A British court has rejected claims by Tesla that a television show misrepresented the performance of its electric cars. The verdict comes amid a bitter row between Tesla and the New York Times over a scathing review.
Tesla brought a lawsuit against the British Broadcasting Corporation in March 2011 over a 2008 edition of Top Gear. The suit took issue with a scene in which, following a track test, a Tesla Roadster vehicle was shown being pushed away from the track having run out of charge.
In fact, the scene was staged, though the producers said it was designed to represent what would eventually have happened based on extrapolations from its actual testing. Tesla also objected to the show allegedly implying that it had lied about the Roadster’s capacity. Host Jeremy Clarkson said in a voiceover that “Although Tesla say it will do 200 miles, we worked out that on our track it would run out after just 55 miles and if it does run out, it is not a quick job to charge it up again.”
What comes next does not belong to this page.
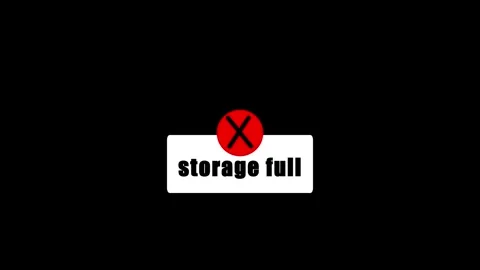 Minimalist storage full warning message on white background with red cancel.. 動画素材 331526722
Tesla lost its initial case but brought an appeal. That’s now been thrown out by a panel of three judges including Lord Justice Moore-Bick, who noted that he had watched the episode several times before making a ruling. The judges upheld the original verdict that said it would be clear to the viewers that the 55 mile range referred to the aggressive driving Top Gear used on a racing track test, rather than its range in ordinary road driving.
The appeal court also rejected the suggestion that Tesla deserved additional damages because sales in the UK were much lower than expected thanks to the adverse publicity and the affair had damaged investor confidence. The judges upheld the original verdict that said there was no clear evidence linking the broadcast to any specific damage to the company.
Meanwhile the war of words between Tesla and the New York Times continues. Following a road test review claiming the Model S car’s range was far below what was advertised and the writer was left stranded when it ran out of juice, Tesla published monitoring data from the vehicle. It says this proves writer John Broder repeatedly lied, though Broder disputes this interpretation.